• WHAT THE EXERCISE ASKS
The expected output is an exact copy of the lines from the one containing "Vrouwenmodel draagt t-shirt" to the final line below, minus any pictures.

• INPUT DATA
· · ·

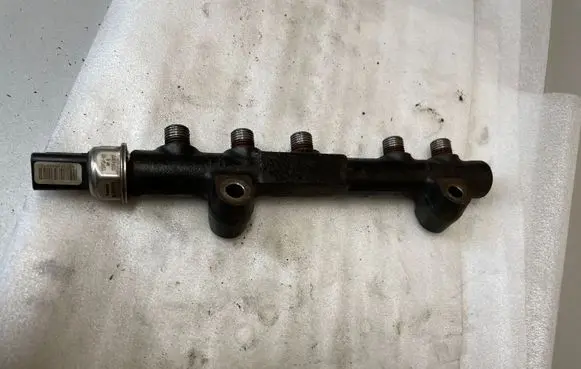 Ford Fiesta Fuel main line pipe 55PP3401 1112645812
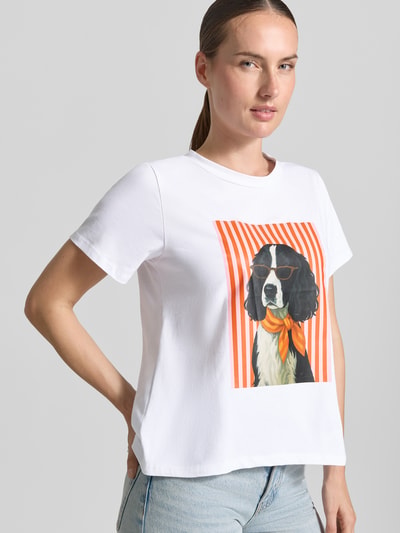 Vrouwenmodel draagt t-shirt met motiefprint Model 'Do44g' van ZABAIONE, mix van katoen en elastaan, regular fit, ronde hals, ruglengte maat S 59 cm, vooraanzicht bovenlijf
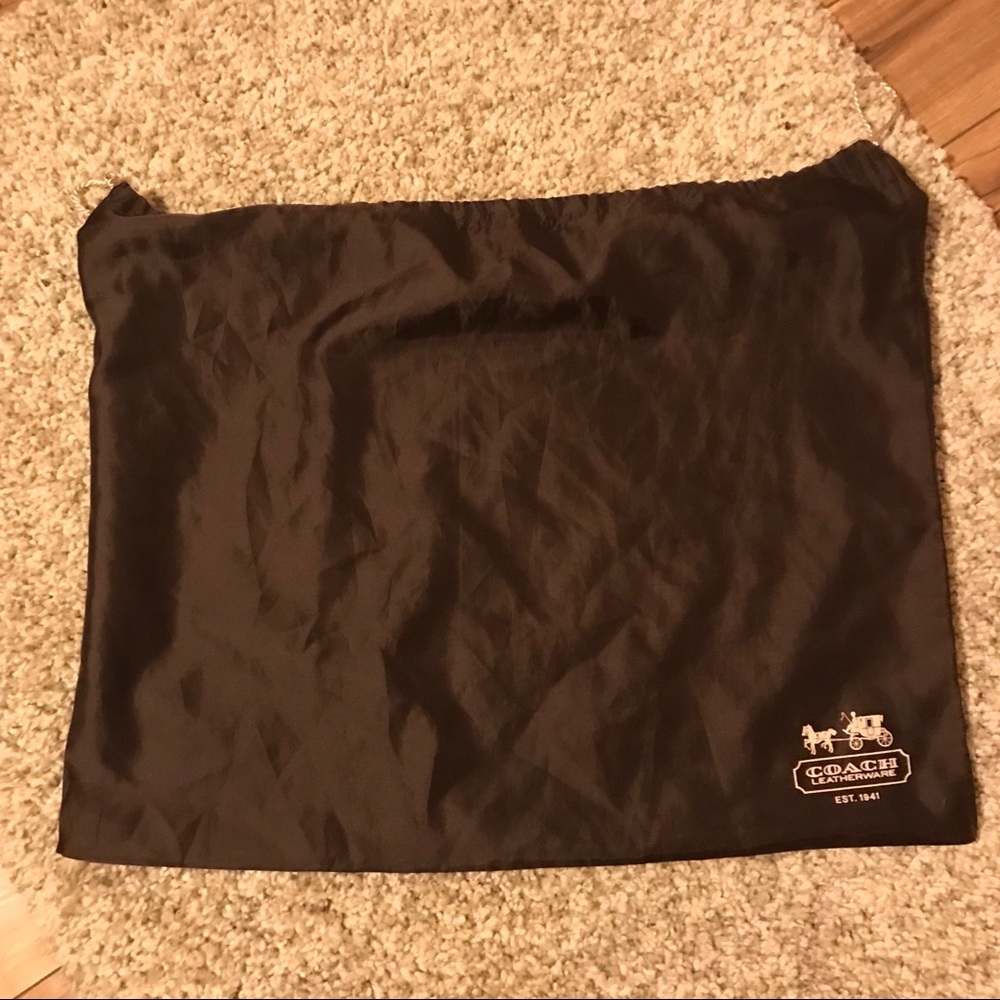 Coach dust cover 20x24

· · ·

• RESULT OF THIS TASK
 Vrouwenmodel draagt t-shirt met motiefprint Model 'Do44g' van ZABAIONE, mix van katoen en elastaan, regular fit, ronde hals, ruglengte maat S 59 cm, vooraanzicht bovenlijf
 Coach dust cover 20x24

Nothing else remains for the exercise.